Output each line of the data below exactly, omitting any image.

Supplied information:

______

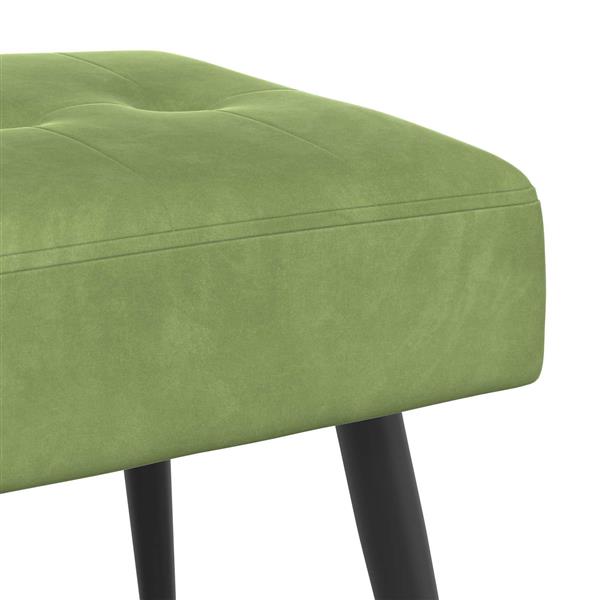 Grote foto vidaxl bank met knoopverstelling lichtgroen 60 x 40 x 45 cm fluweel huis en inrichting overige huis en inrichting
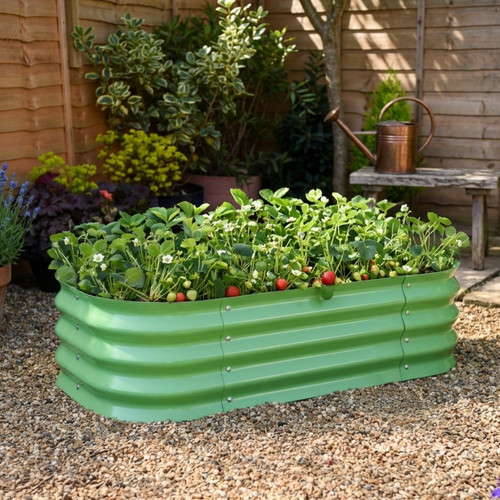Metal raised garden bed - metal,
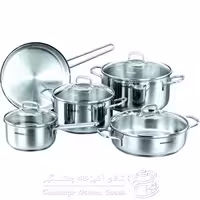 سرویس 9 پارچه قابلمه استیل کرکماز مدل پرلا کد 1609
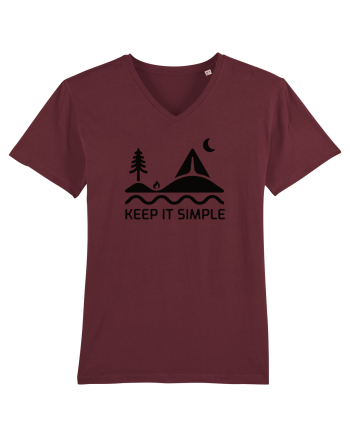 Camping - Keep It Simple Burgundy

______

Task output:
 Grote foto vidaxl bank met knoopverstelling lichtgroen 60 x 40 x 45 cm fluweel huis en inrichting overige huis en inrichting
Metal raised garden bed - metal,
 سرویس 9 پارچه قابلمه استیل کرکماز مدل پرلا کد 1609
 Camping - Keep It Simple Burgundy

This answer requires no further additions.